Accuracy Checks

We all know the phrase associated with the word “assume”, and assumptions are always the bane of any historian or genealogical researcher, but sometimes those assumptions seem so logical that you don’t even realise you’re making them, so it is important to double-check even the most water-tight links and connections.

Take John Holderness, victualler of Harwich, for example. On the 4th of April 1762, he married Sarah Dandison at Harwich St Nicholas, and John & Sarah Holderness had five children baptised at the church between 1765 and 1771. Three years is a reasonable, if larger than average, gap between marriage and first baptism, and Sarah wasn’t in the top tier of common names, so everything seems good so far.

The gap is just large enough to warrant investigation, however, and sure enough, come July 1763, we find the burial of Sarah Holderness, wife of John. Sometimes at this point there can be theories racing through your head – maybe it’s a different John and Sarah, maybe it was a baptism record recorded as a burial in error – so it’s important to find the second marriage record, and lo and behold, the next year holds a marriage between the widowed John Holderness and Sarah Gemmerson – gap and wife’s forename solved.

(As another example of an accuracy check, two sources for this marriage hold two different pieces of information – Ancestry has the marriage as the 15th of March 1764, while FreeReg has the surname as Halderness, and the month as April.)

Another good example comes further back in time, and the famous name of Christopher Newport.

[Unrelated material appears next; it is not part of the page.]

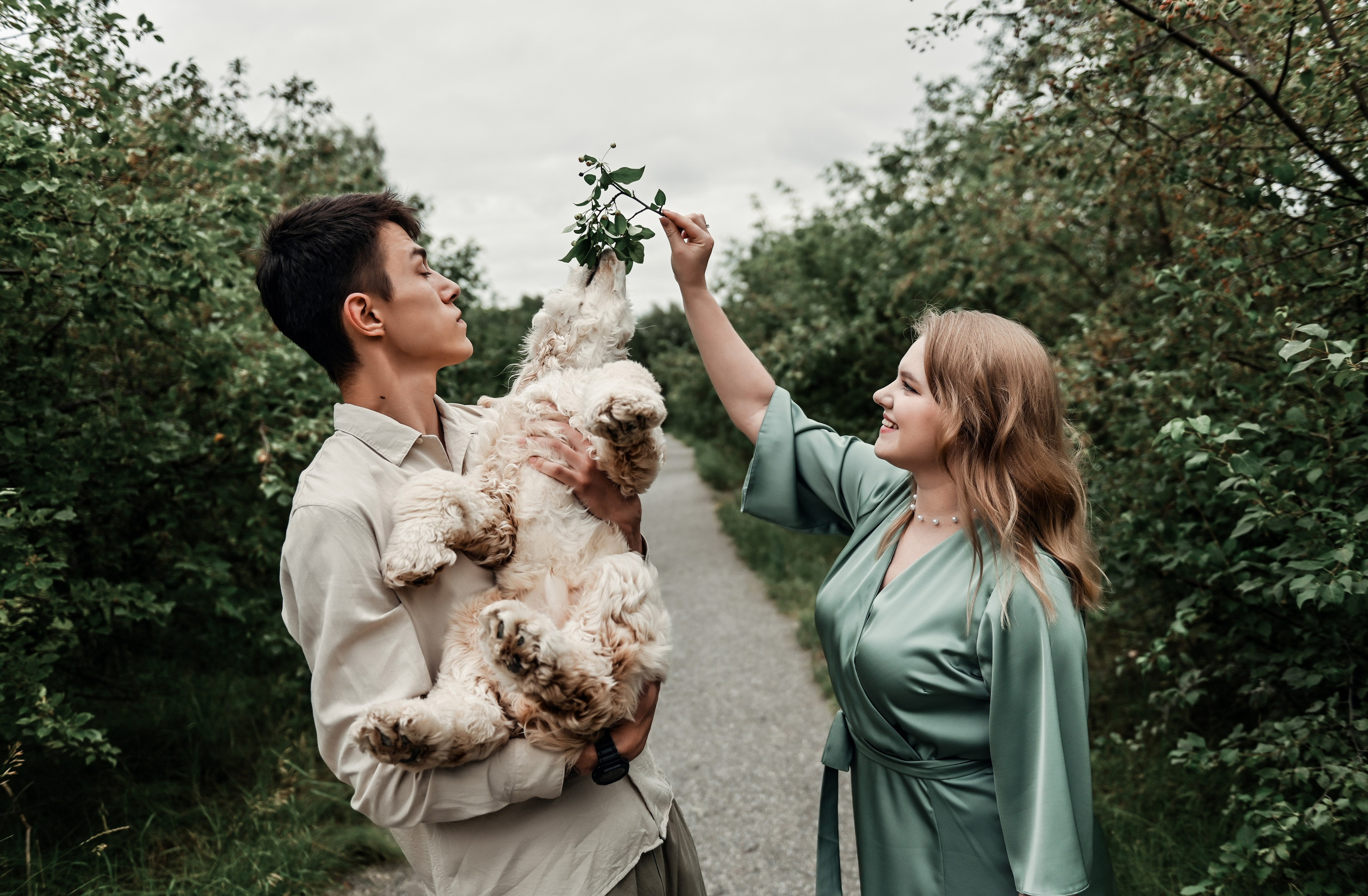 Love story прогулка вместе с песиком))). Свадебный, семейный, детский, контент фотограф в Омске Максим Ильин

On the 3rd of July 1584, the burial register of Stepney St Dunstan holds a record for Jane, the “wife of Christofer Newport of Harwch“, these being the Virginia venturer’s parents. Three months later, the marriage register of the same church records the marriage between Christofer Newport and Katherine Procter; easy to link the two, but all evidence suggests this was Newport junior (he was about 23, they had at least one child together, three months would be a rapid turnaround for an ageing widower).

Still with the Newports, sometimes these things remain a little mysterious. In 1591, three records stand out in the Stepney St Dunstan registers:

  • 4 January: Burial of Em Newport, wife of Christofer Newport of Limehouse
  • 29 January: Christofer Newport marries Ellen Ade
  • 29 June: Burial of Christofer Newport the elder

No record of Newport marrying an “Em” or similar has been found, and the “of Limehouse” distinction could apply to father or son by this point. Also, burying one wife and marrying the next in the space of a month seems off, especially as Newport junior’s known previous wife was called Katherine.

However, we know for a fact that Ellen was Newport junior’s wife, as she was buried on the 25th of August 1595, described as such, plus his next marriage was just over a month later, to Elizabeth Glanfeild, on the 1st of October. So, although it doesn’t add up on the surface, it would look as though Newport junior married three times during Newport senior’s life, who must have remained widowed until his death.